> _Problem to solve_
Only the pictures should be dropped; every line of the data must come back exactly as written.

> _Data below_
━━━━━━━━━━━━━━━━
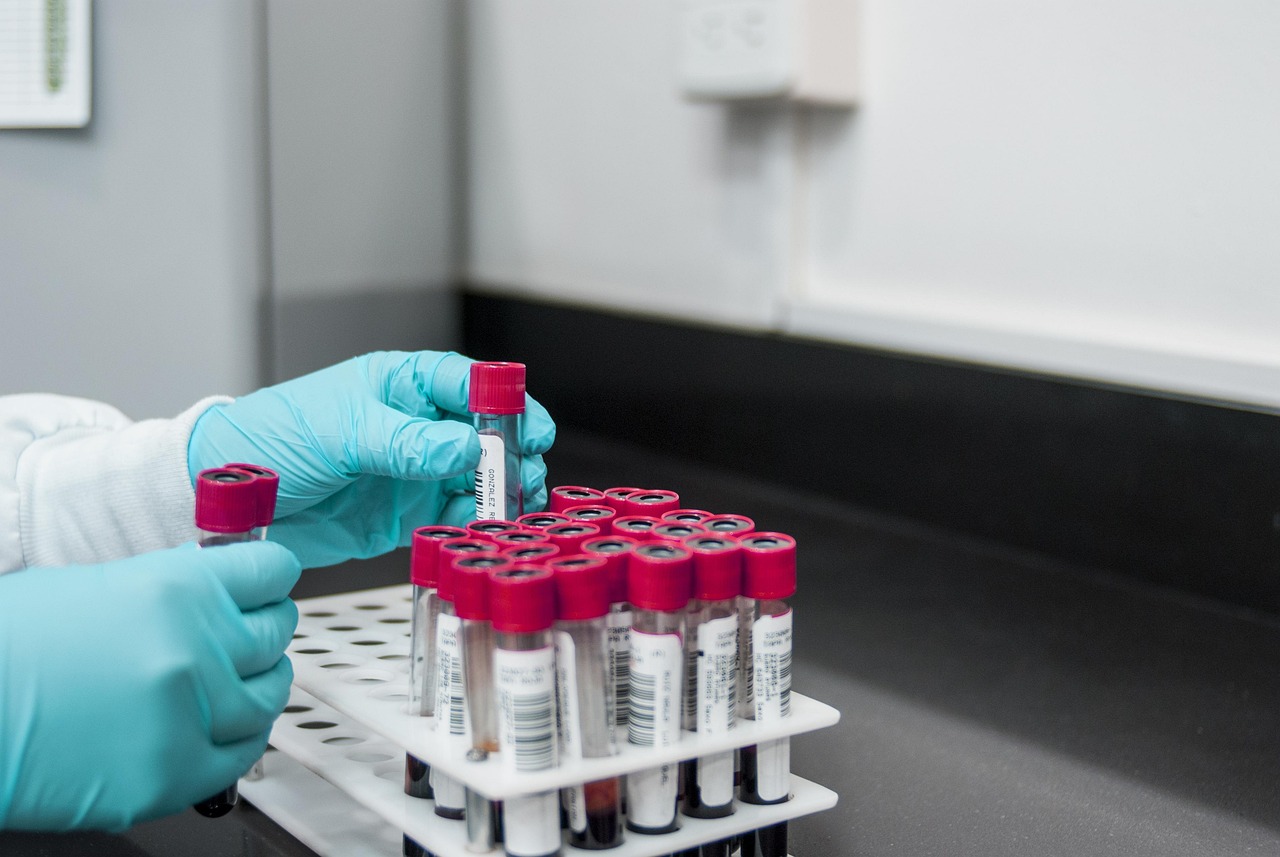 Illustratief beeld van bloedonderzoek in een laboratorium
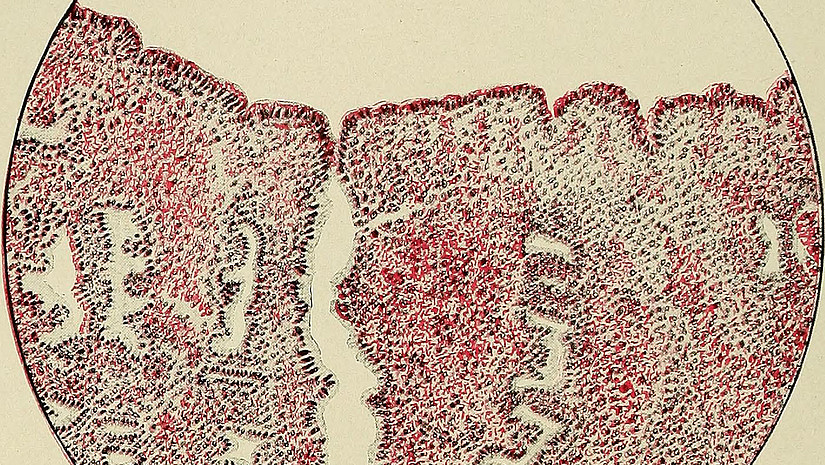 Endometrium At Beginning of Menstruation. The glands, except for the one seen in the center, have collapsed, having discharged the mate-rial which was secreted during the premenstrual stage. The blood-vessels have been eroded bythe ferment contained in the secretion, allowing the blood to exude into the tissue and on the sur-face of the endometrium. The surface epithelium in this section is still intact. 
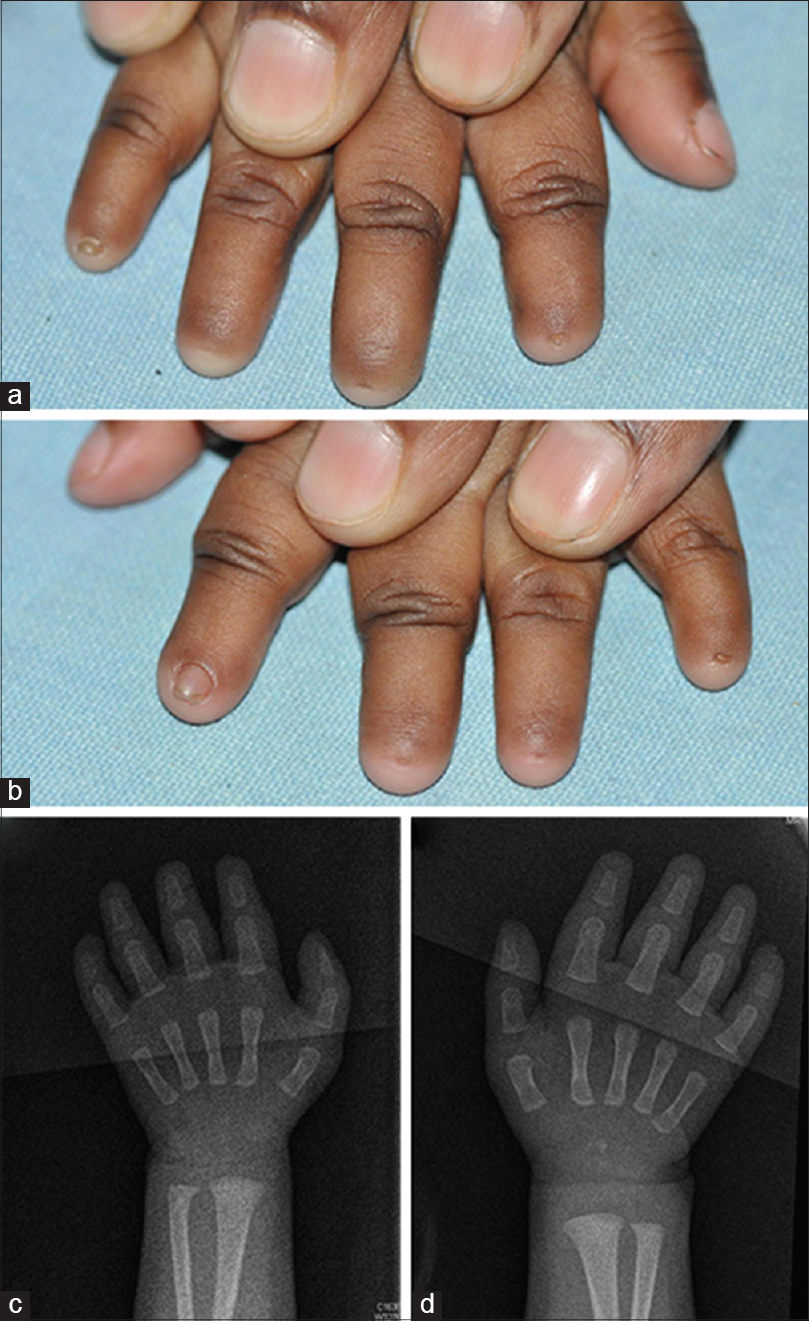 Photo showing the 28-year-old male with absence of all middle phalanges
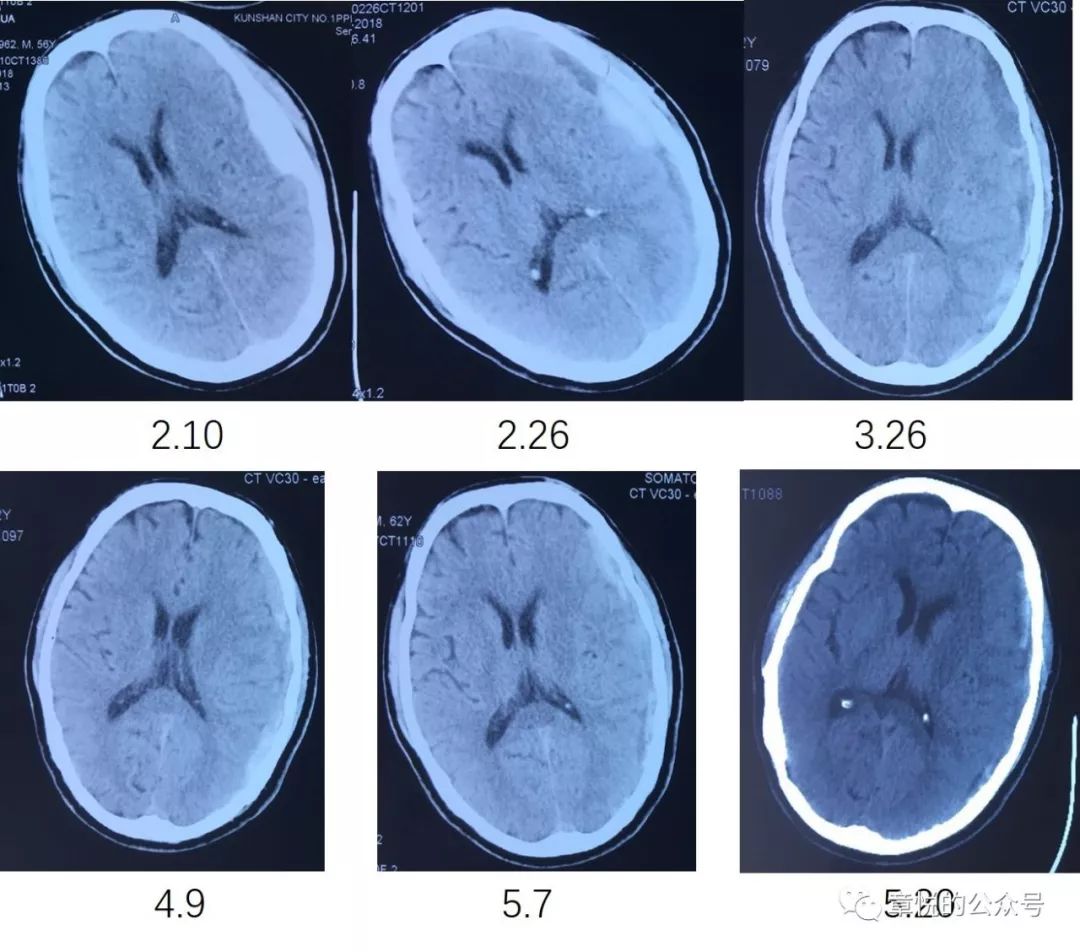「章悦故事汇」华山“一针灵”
━━━━━━━━━━━━━━━━
> _Result_
 Illustratief beeld van bloedonderzoek in een laboratorium
 Endometrium At Beginning of Menstruation. The glands, except for the one seen in the center, have collapsed, having discharged the mate-rial which was secreted during the premenstrual stage. The blood-vessels have been eroded bythe ferment contained in the secretion, allowing the blood to exude into the tissue and on the sur-face of the endometrium. The surface epithelium in this section is still intact. 
 Photo showing the 28-year-old male with absence of all middle phalanges
「章悦故事汇」华山“一针灵”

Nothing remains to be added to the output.